The SFU Urban Studies Program is pleased to announce its fall 2016 lecture series. All events are FREE, but reservations are required.
Animals and the City
October 4 (Tuesday), 7 p.m.
Room 4800, SFU Vancouver (Segal Building), 500 Granville St.
Speaker: Alexandru Balescu (and respondents)
Why is that so many people are much more likely to accept a radical other in a form of a pet, while
rejecting or marginalizing a fellow human being only because she/he may look or act/perform slightly different? What is the parallel between the discourses on stray dogs, matters out of place, and social categories that are deemed marginal or undesirable? Why to many among us, are stray dogs not acceptable while homelessness is?
Book launch: What a City is for: Remaking the Politics of Displacement
October 21 (Friday) 7 p.m.
Djavad Mowafaghian World Art Centre, SFU Vancouver (Woodward's), 149 W. Hastings St.
Speaker: Matt Hern (and respondents)
Displacement and dispossessions are convulsing cities across the globe, becoming the dominant urban narratives of our time. In What a City Is For, Hern uses the case of Albina— the one major Black neighbourhood in Portland - as well as similar instances in New Orleans and Vancouver, to investigate gentrification in the twenty-first century. Hern questions the notions of development, private property, and ownership, arguing that home ownership drives inequality. How can we reimagine the city as a post-ownership, post-sovereign space?

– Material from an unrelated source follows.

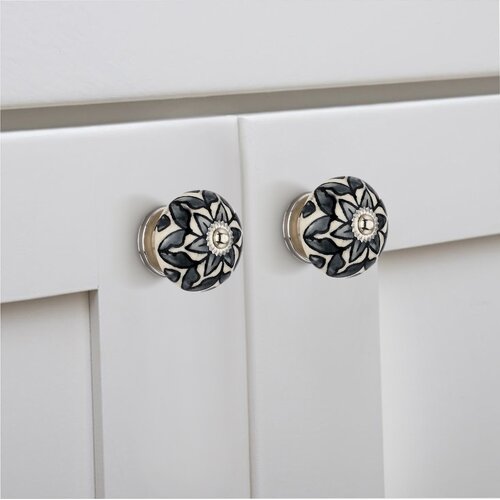 Blossom Fusion 1-4/7 in. Grey Cabinet Knob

Co-sponsors: MIT Press, SFU Woodwards Community Engagement Office, SFU Institute for Humanities, SFU Urban Studies, UBC SCARP
October 27 (Thursday) 7:00 p.m.
Room 7000, SFU Vancouver (Harbour Centre), 515 W Hastings St.
An utopian/anti-utopian opposition persists today in virtually all domains of urban theory and practice with nuances and a variety of attempts to supersede it. On the occasion of this anniversary the Simon Fraser Urban Studies Program and the Humanities Institute are organizing a panel to initiate discussion on aspects of utopianism today with specific, but not exclusive, reference to its urban incarnations, including in the Lower mainland. Themes will depend upon those comprising the panel, but might, generically, address the questions of whether and how utopian thinking informs contemporary theories and practices and, to the extent that it does, whether this is a good thing.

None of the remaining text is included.